The Process and Experience of Transformation Applied to the Biblical Context

State 1: Defense and First State Transformation

Within the larger context of the disciples’ and people’s lives, there was a deep failure of their emotional environment to provide relief of their chronic anxiety and shame. This anxiety and shame schema was exhibited through legalistic religious and social traditions that choked true relatedness to God and to others from the heart. These individuals and communities could not be themselves. Chronic reliance on one’s defenses of rationalization, projection and religious intellectualization, to name a few, to cope with the unbearable shame and anxiety led to rigidity and emotional chaos. People needed a safe place, a safe other to experience and express their overwhelming feelings of guilt, shame, brokenness, loss, and pain. The religious traditions were ossified and fossilized toward a dogmatic and strict prescriptive theological calculus that left people’s emotional landscape starved for nurturance, guidance, and protection. The soil was ripe for crisis, both personal and societal. Change, generated through compassion, care, and healing, was coming like a locomotive and could not be stopped.

State 2: Core Affect and Second State Transformation

The disciples defined themselves through their mission to be a safe place to find grace with God, forgiveness, and openness to new ways of being, thinking, and obeying God. They demonstrated a healing power, where they would give to others and receive them without precondition. People would not be summarily dismissed or reinterpreted to fit rigid religious tradition at the expense of their own hearts. This healing message created an intrapsychic crisis of massive proportions. There could now be an opportunity for people to experience and communicate their categorical emotions such as fears, angers, disgusts, sadness, and joys of life. These wired-in organismic, visceral, bodily (somatic tracking) responses, through the love and power of the disciples, created a turbulence of intense emotions. People could authentically experience themselves and feel understood and received by God and the disciples.

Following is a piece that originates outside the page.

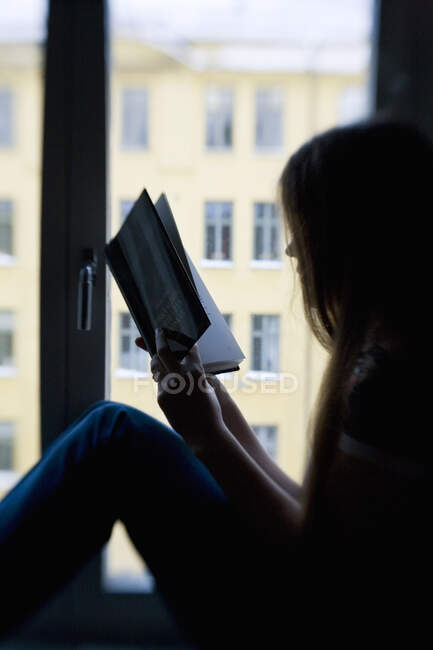 Teenagermädchen liest Buch im Sitzen am Fenster, Seitenansicht — Stockfoto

God, the disciples, and the homes they entered experienced a closeness, healing, and connection that had been previously closed out from their experience in life.

The unconditional love of God, the grace and forgiveness of sins, and the healing of diseases, infirmities, and mental and emotional pain engendered transforming affects with a cascading effect. People could authentically mourn their losses and failures; they could feel moved, tender, and grateful. As people found themselves changing, they experienced the positive vulnerability, fear and excitement, startle, and surprise and curiosity that are part and parcel of these tremulous affects. A person, through a trusted other—the disciples—could experience a healthy pride, competence, and joy. The disciples’ mission created transformational affects in the villages.

State 3: Core State

Anxiety, guilt, shame, or defensiveness is absent. Burdens of disease, social ostracism, and emotional trauma and spiritual dead-end roads are lifted and relieved. There is calm (peace), ease, flow, and clarity about the subjective truth of one’s own emotional experience. The truth sense—the sense of things feeling right—is evident. The True Self—“I feel like myself”—exhibited love, compassion, resilience, closeness, and openness. The people who opened their homes to the disciples felt understood, received by a True Other. As a result, they demonstrated their own generosity, empathy, and wisdom, understanding themselves at their deepest identity. They were with the disciples and the Lord, who had sent them out.

Acts 3:1-16, the Crippled Beggar Healed

State 1: Defense and First State Transformation

The daily burden of survival with severe infirmities—such as for those crippled from birth—generates some degree of fear, powerlessness, and shame. A chronic dependence on others to give as one begs in a helpless state is a lonely existence. The physical and emotional environments surrounding the beggar in Acts 3:1-16 were extremely and chronically limited. Peter, as a True Other, announces a new connection to alleviate a chronic, unrelenting ailment.

State 2: Core Affect and Second State Transformation

As Peter and John are about to enter the temple courts, they announce God’s powers to a crippled man and order him to get up and walk. Peter heals in the name of Christ. This pronouncement opens the man to his core affect of pure, wired-in organismic joy. Obviously, the man’s body responds not only by walking, but also by holding on to Peter and John. This visceral somatic tracking of one’s healing affects is part and parcel of feeling whole. Some of the man’s transformational affects included mastery affects of pride and joy, healing affects of gratitude and feeling moved, and the tremulous affects associated with the changed self, where there is startle, surprise, curiosity, and positive vulnerability to hearing the new message of forgiveness and the resurrected life from Peter and John. A new day has dawned for the receiver.

State 3: Core State

The phenomenology of well-being, of openness with new relational experiences of closeness and intimacy, is evident in the healed man. He praises God and embraces the disciples. There is clarity from deep within about the subjective truth of his experience. He knows that his sense of life feels right—the truth sense. There is an energy and vitality that are unmistakable.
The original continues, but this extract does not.